> How to complete this task:
For this task, extract exactly the lines of the data below, from the line containing "Portopalo Villa Con Spazio Esterno E Piscina" through the last one, with pictures left out.
== Recorded information
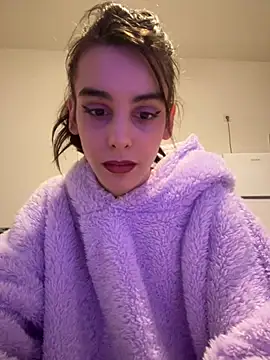 Snapshot of Mazzekyn chatting on 02-22-25, 11:57 Mazzekyn online show from 02-22-25, 11:57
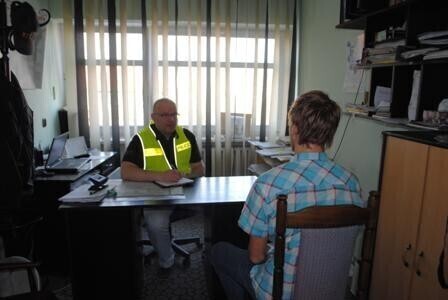 Zdjęcie 1: Włamywacze do samochodów zatrzymani na gorącym uczynku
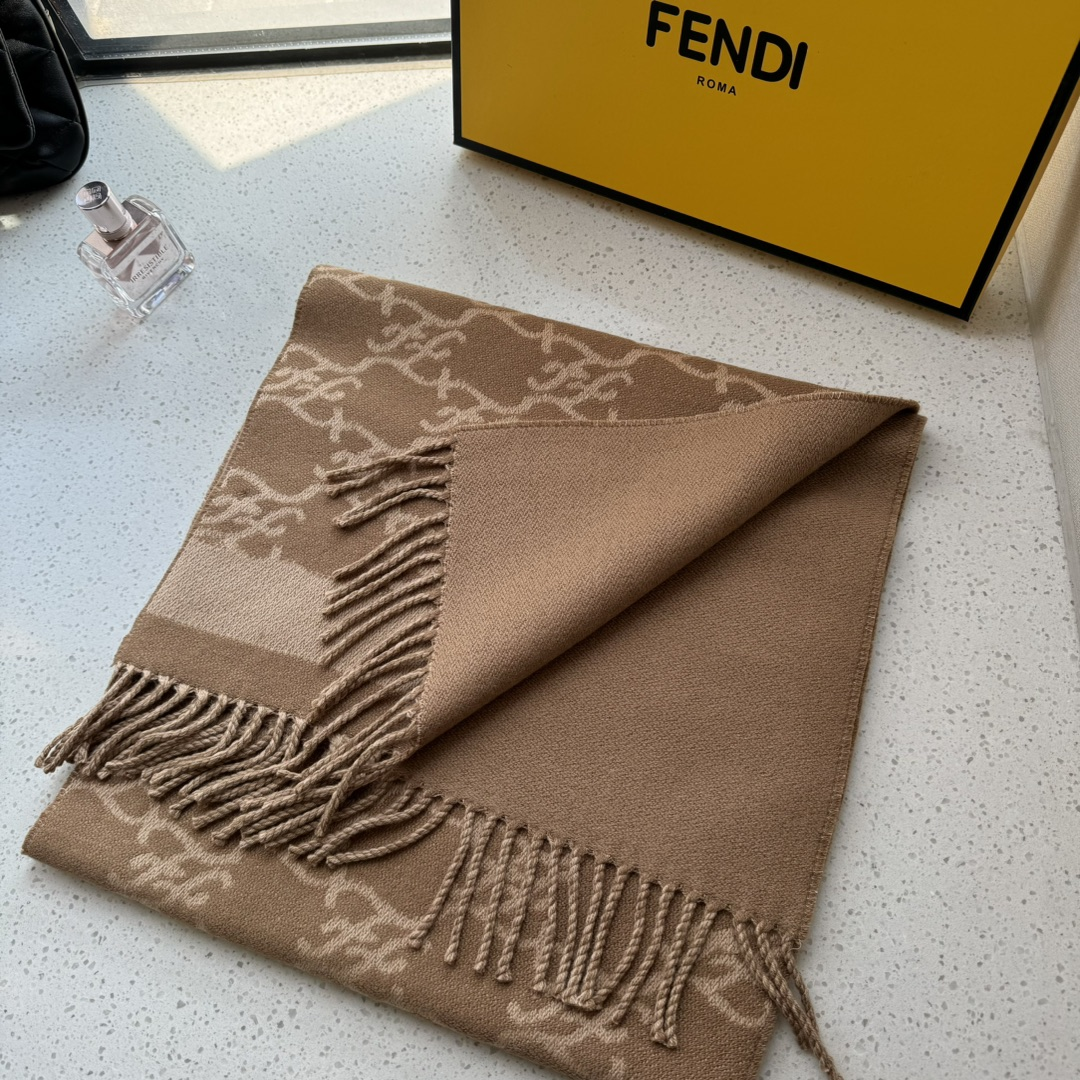 【FENDI  フェンディ】スカーフ 35*215CM   241207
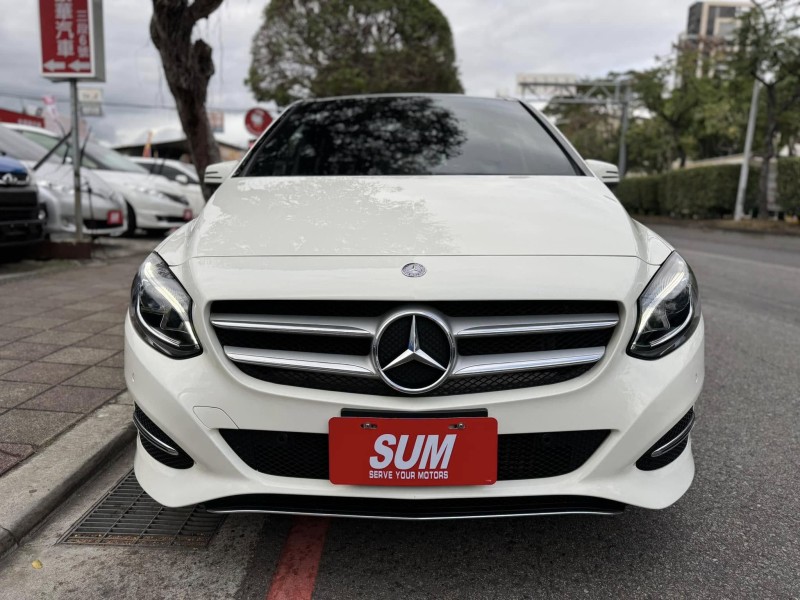 Mercedes-Benz/賓士   B-CLASS  B200 金鑽店~小改款 總代理B200 里程履約保證只跑8萬多公里 白色 全景天窗 雙電動記憶座椅 9安 循跡防滑 主動式安全預防系統 胎壓監控 免鑰啟動車門鎖 定速 自動停車 光感應頭燈 雨滴感應雨刷 倒車影像 後座出風口 藍芽通訊 換檔撥片 LED頭燈 尾燈 日行燈 等多項配備！ | 新北市汽車商業同業公會｜TACA優良車商聯盟｜中古、二手車買車賣車公會認證保固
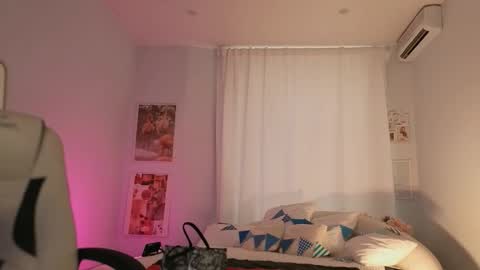 Snapshot of ivyhoney chatting on 10.07.25 IVY - Follow me 3 online show from 10.07.25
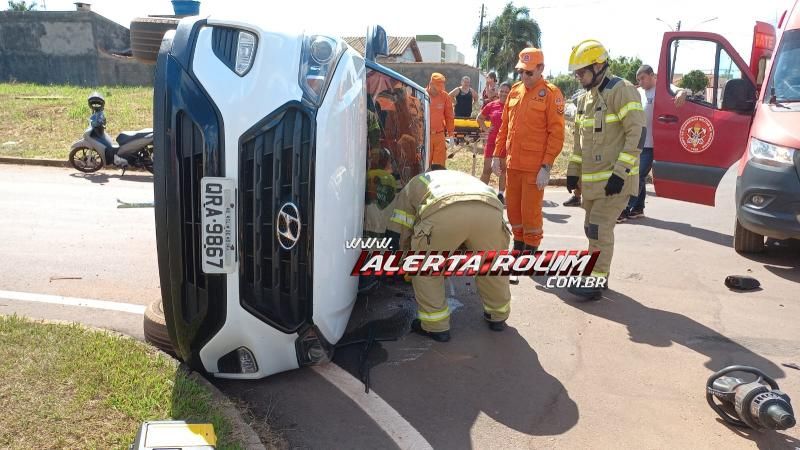 Carro tombou após ser atingido por outro veículo nessa tarde, em Rolim de Moura Carro tombou após ser atingido por outro veículo nessa tarde, em Rolim de Moura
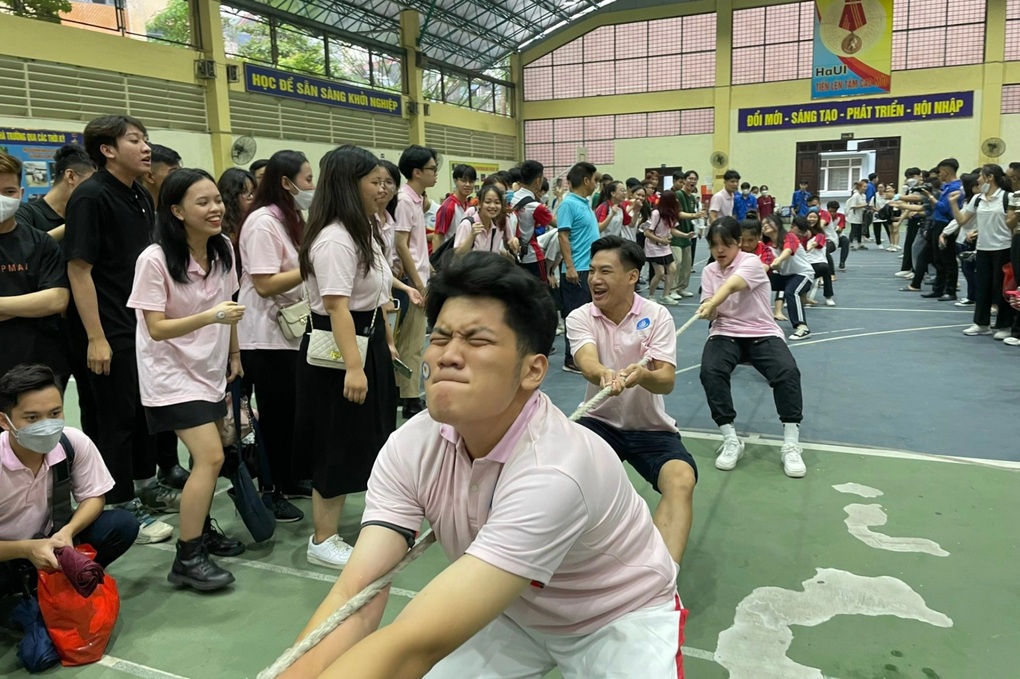 Sôi nổi ngày hội Sinh viên 5 tốt Thành phố Hà Nội - 2 Sôi nổi ngày hội Sinh viên 5 tốt Thành phố Hà Nội - 2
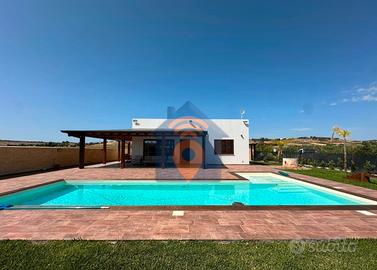 Portopalo Villa Con Spazio Esterno E Piscina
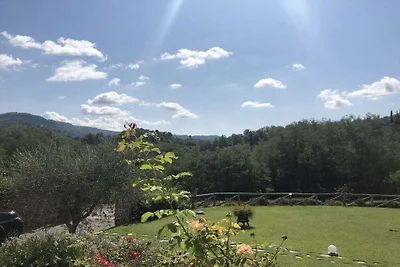 Villa in Pescia met zwembad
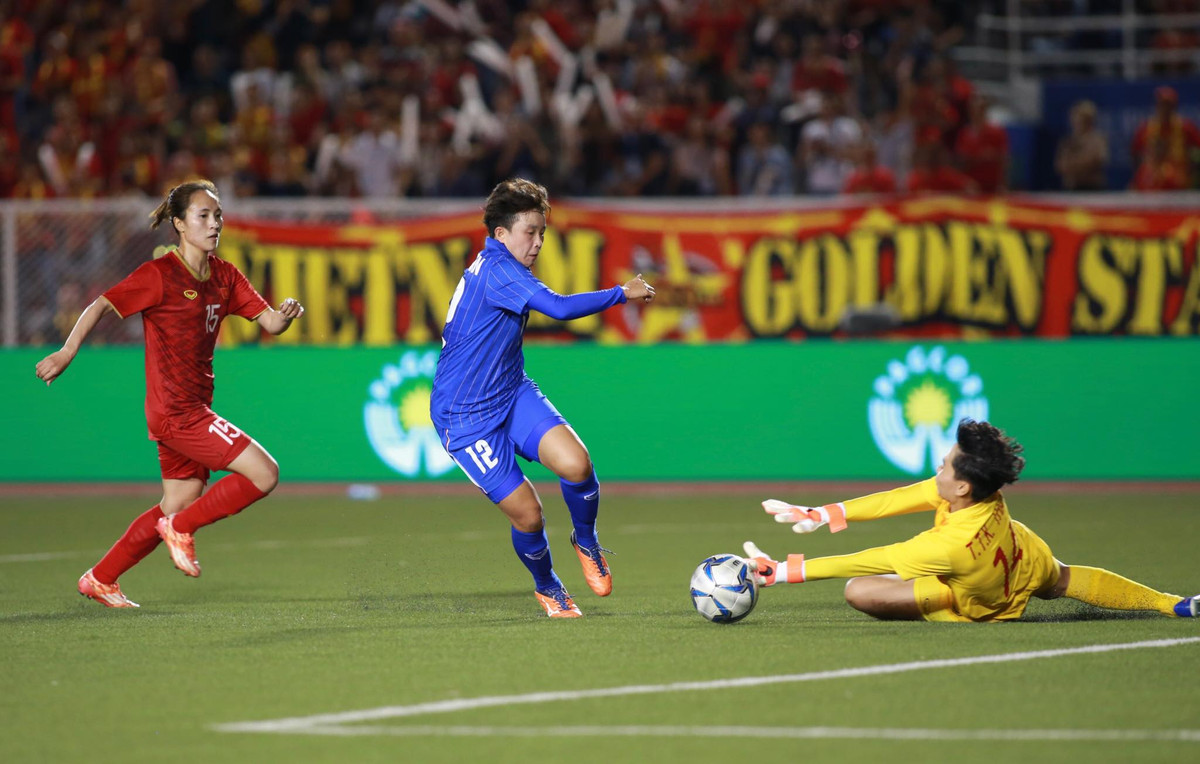 Trong nửa đầu của hiệp 1, các các nữ cầu thủ đội tuyển Việt Nam chiếm ưu thế vượt trội với rất nhiều pha tấn công nguy hiểm. Đỉnh điểm trong đó là cú sút trúng xà ngang của Nguyễn Thị Vạn ở phút thứ 6.
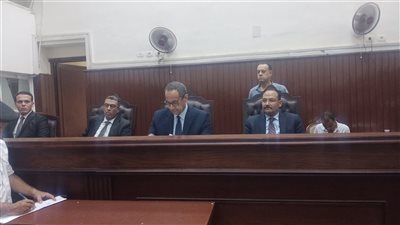 جدة ضحية القتل على يد والدها خلال محاكمته: مفكرش يساعدنا في إسعافها (صور)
====
> Response for this exercise:
 Portopalo Villa Con Spazio Esterno E Piscina
 Villa in Pescia met zwembad
 Trong nửa đầu của hiệp 1, các các nữ cầu thủ đội tuyển Việt Nam chiếm ưu thế vượt trội với rất nhiều pha tấn công nguy hiểm. Đỉnh điểm trong đó là cú sút trúng xà ngang của Nguyễn Thị Vạn ở phút thứ 6.
 جدة ضحية القتل على يد والدها خلال محاكمته: مفكرش يساعدنا في إسعافها (صور)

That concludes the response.